RECORDS PROVIDED:
◇ ◇ ◇

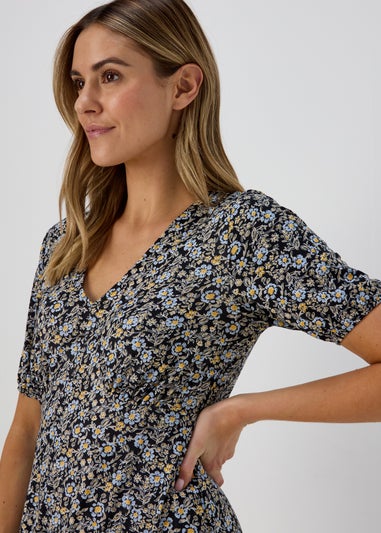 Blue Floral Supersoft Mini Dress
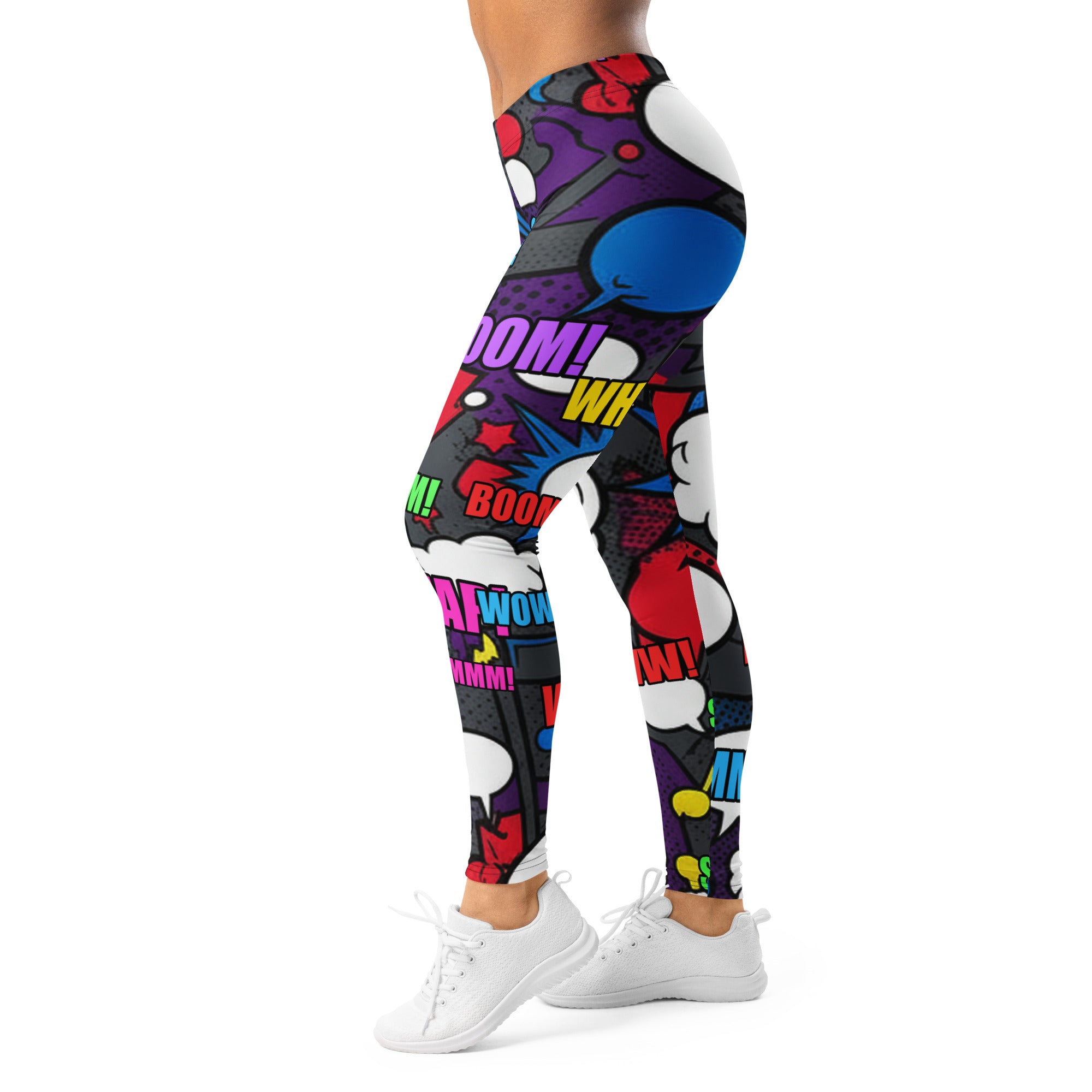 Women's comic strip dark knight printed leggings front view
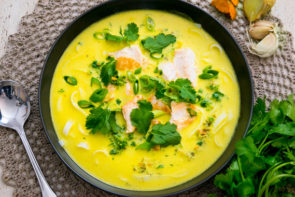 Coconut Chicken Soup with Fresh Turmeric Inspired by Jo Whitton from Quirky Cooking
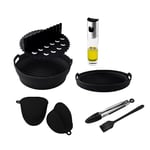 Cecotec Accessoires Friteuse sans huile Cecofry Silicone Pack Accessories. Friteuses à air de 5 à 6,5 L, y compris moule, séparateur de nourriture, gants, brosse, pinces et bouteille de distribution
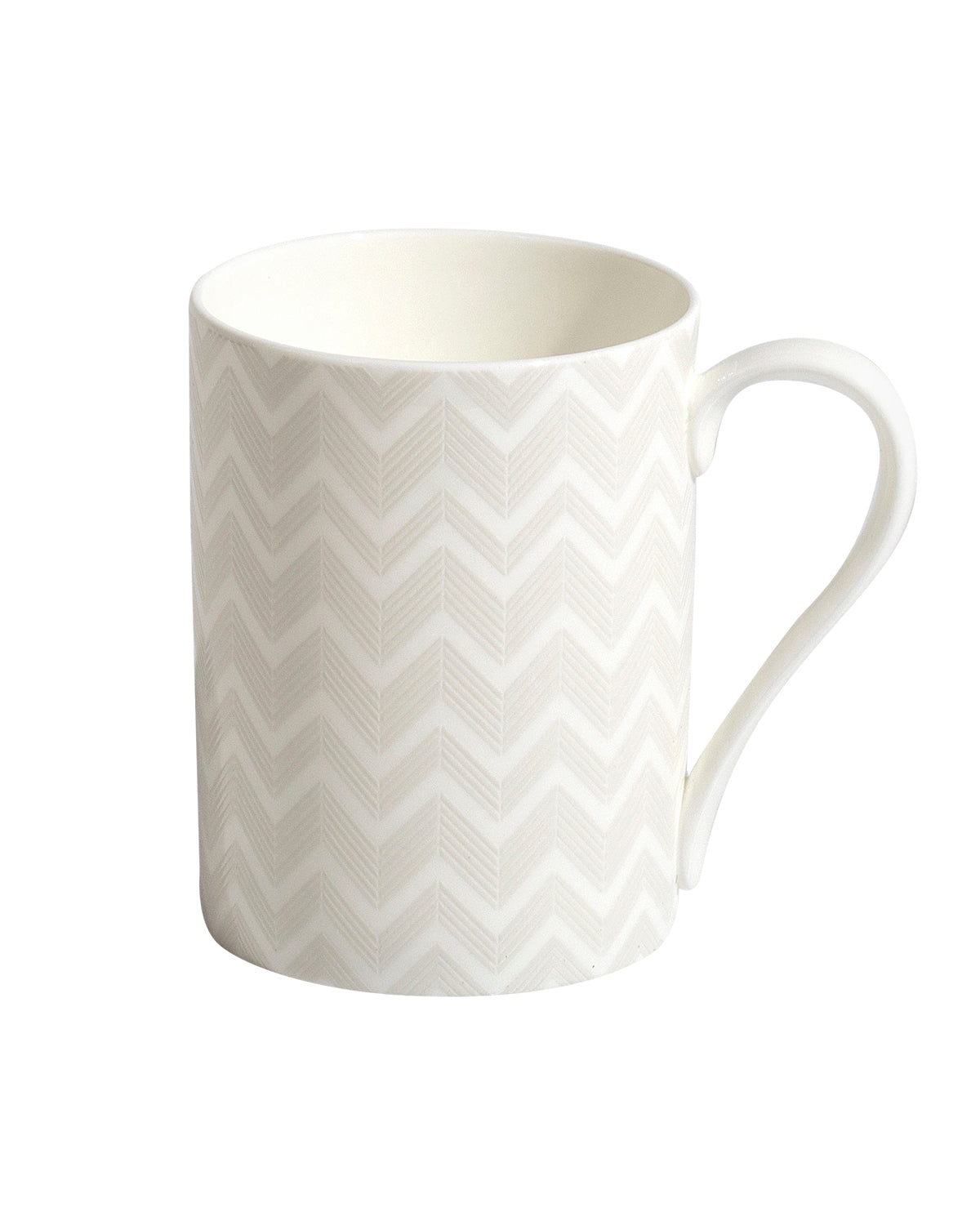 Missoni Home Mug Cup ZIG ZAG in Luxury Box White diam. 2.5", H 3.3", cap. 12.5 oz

◇ ◇ ◇

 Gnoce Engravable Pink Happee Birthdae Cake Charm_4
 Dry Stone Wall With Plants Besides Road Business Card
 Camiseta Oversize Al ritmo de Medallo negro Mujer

◇ ◇ ◇

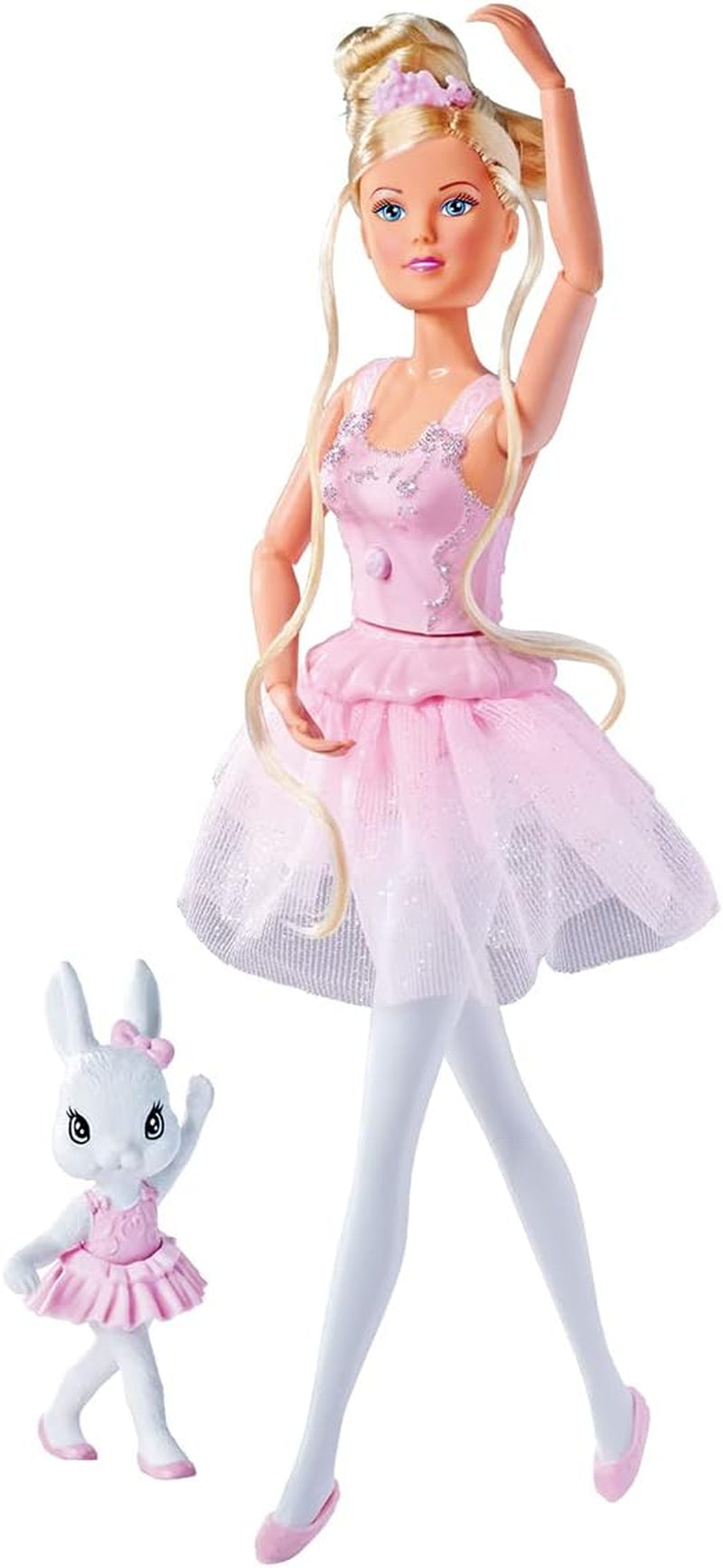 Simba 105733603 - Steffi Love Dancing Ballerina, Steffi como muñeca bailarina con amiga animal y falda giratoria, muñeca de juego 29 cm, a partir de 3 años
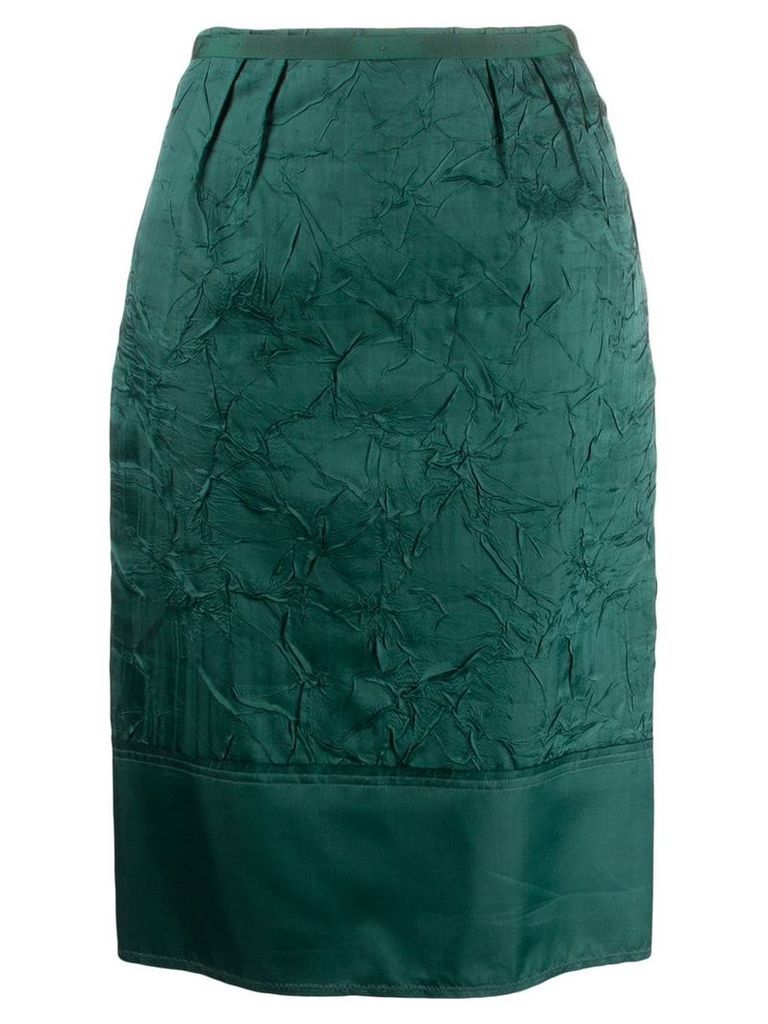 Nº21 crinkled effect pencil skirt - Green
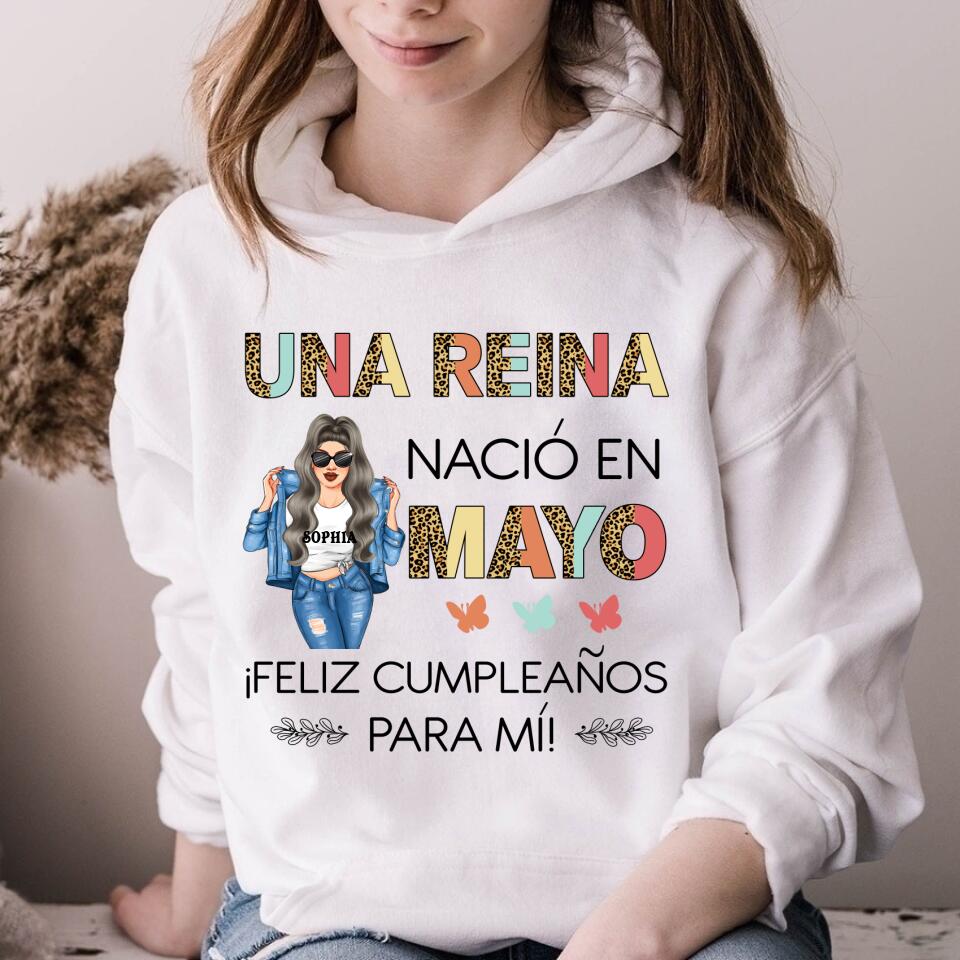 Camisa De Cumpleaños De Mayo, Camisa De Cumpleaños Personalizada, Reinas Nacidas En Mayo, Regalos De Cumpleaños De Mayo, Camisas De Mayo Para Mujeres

◇ ◇ ◇

WORK INSTRUCTIONS: Starting at the line containing "Blue Floral Supersoft Mini Dress" and stopping at the line containing "Missoni Home Mug", output every line above exactly, both ends included, with pictures omitted.

ANSWER:
 Blue Floral Supersoft Mini Dress
 Women's comic strip dark knight printed leggings front view
 Coconut Chicken Soup with Fresh Turmeric Inspired by Jo Whitton from Quirky Cooking
 Cecotec Accessoires Friteuse sans huile Cecofry Silicone Pack Accessories. Friteuses à air de 5 à 6,5 L, y compris moule, séparateur de nourriture, gants, brosse, pinces et bouteille de distribution
 Missoni Home Mug Cup ZIG ZAG in Luxury Box White diam. 2.5", H 3.3", cap. 12.5 oz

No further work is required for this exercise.